> [STORED DATA]
- - - -

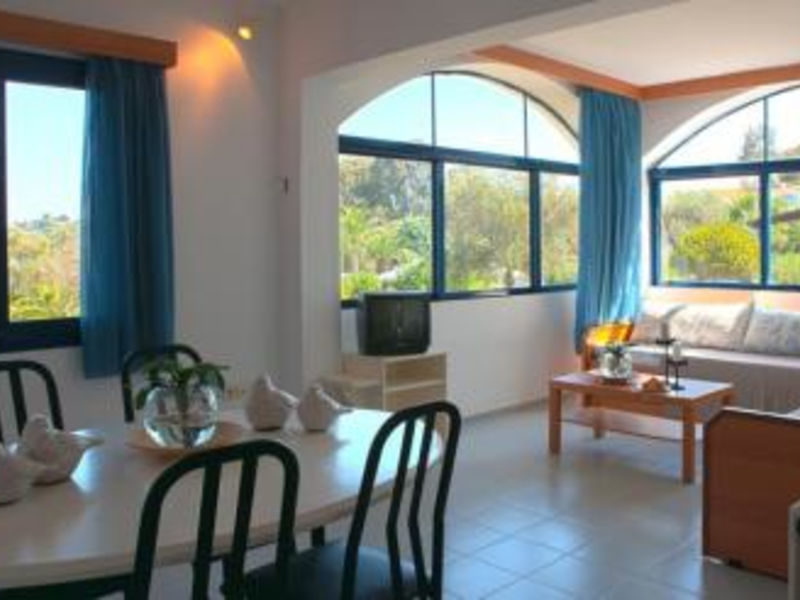 Govino Bay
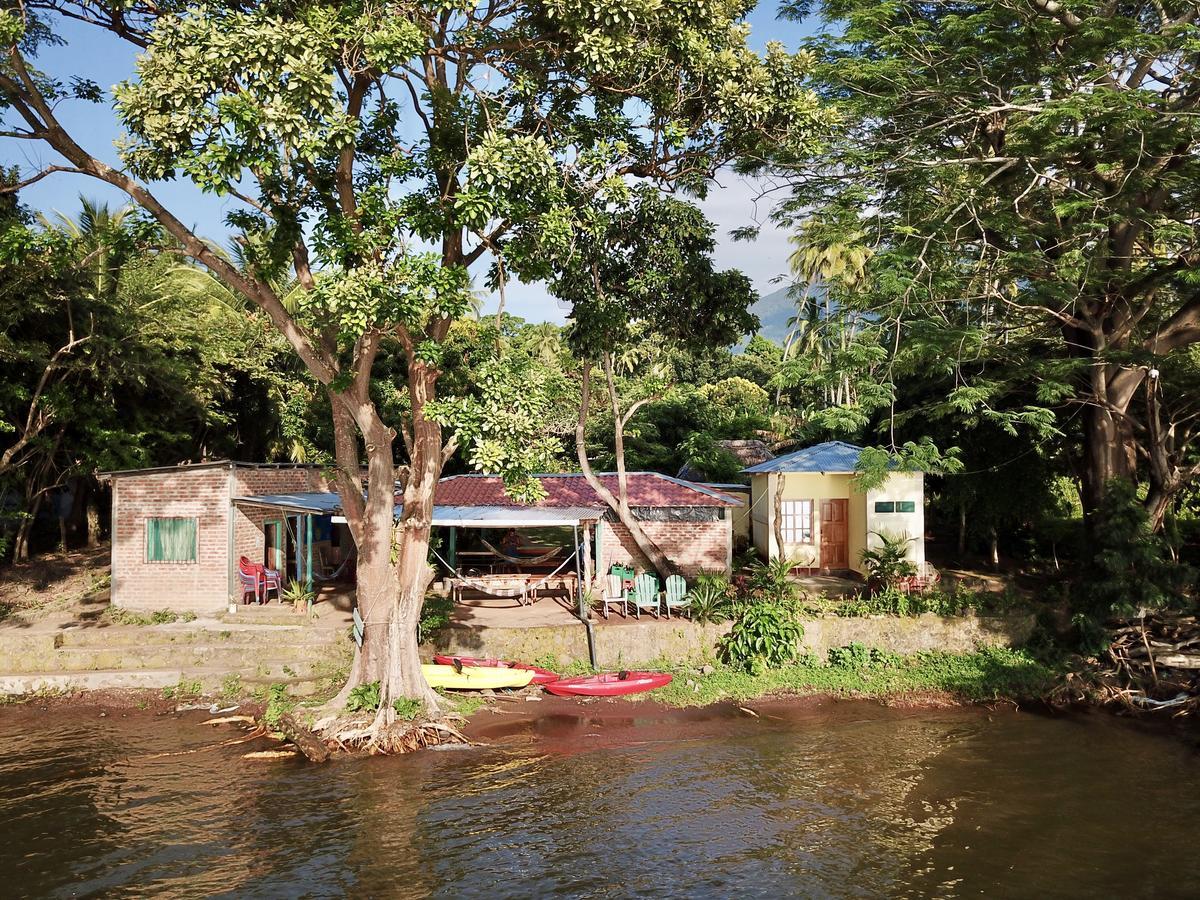 Hostel Los Chocoyos Mérida Exteriör bild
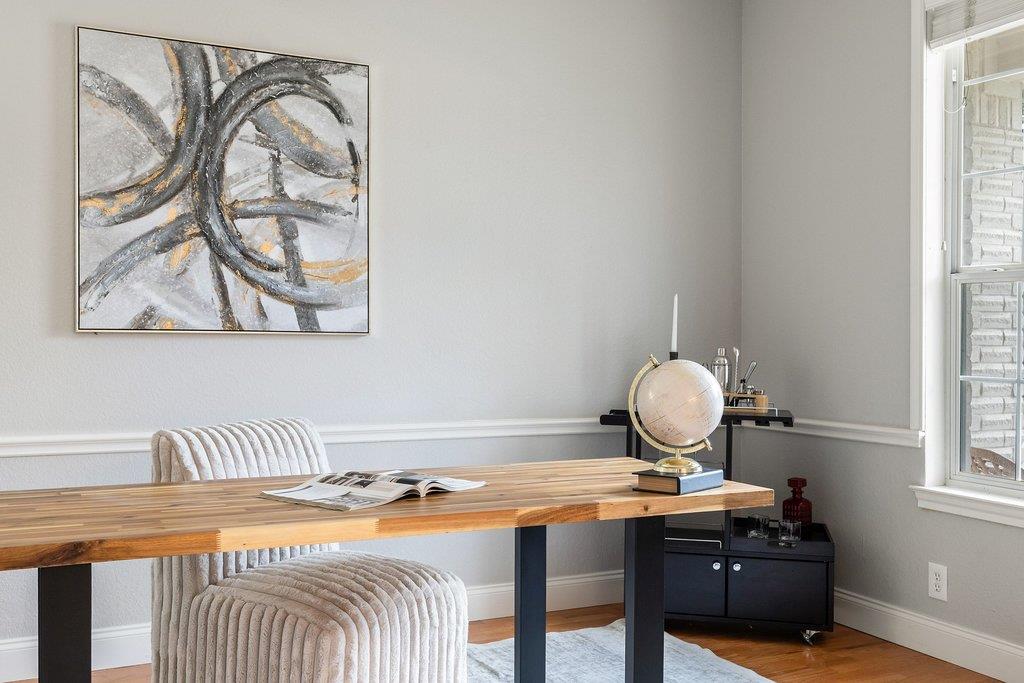 208 Settlers Valley Dr, Pflugerville, TX 78660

- - - -

> [TASK] Please output the listing above in full, exactly as given, without its images.

> [EXERCISE RESPONSE]
 Govino Bay
 Hostel Los Chocoyos Mérida Exteriör bild
 208 Settlers Valley Dr, Pflugerville, TX 78660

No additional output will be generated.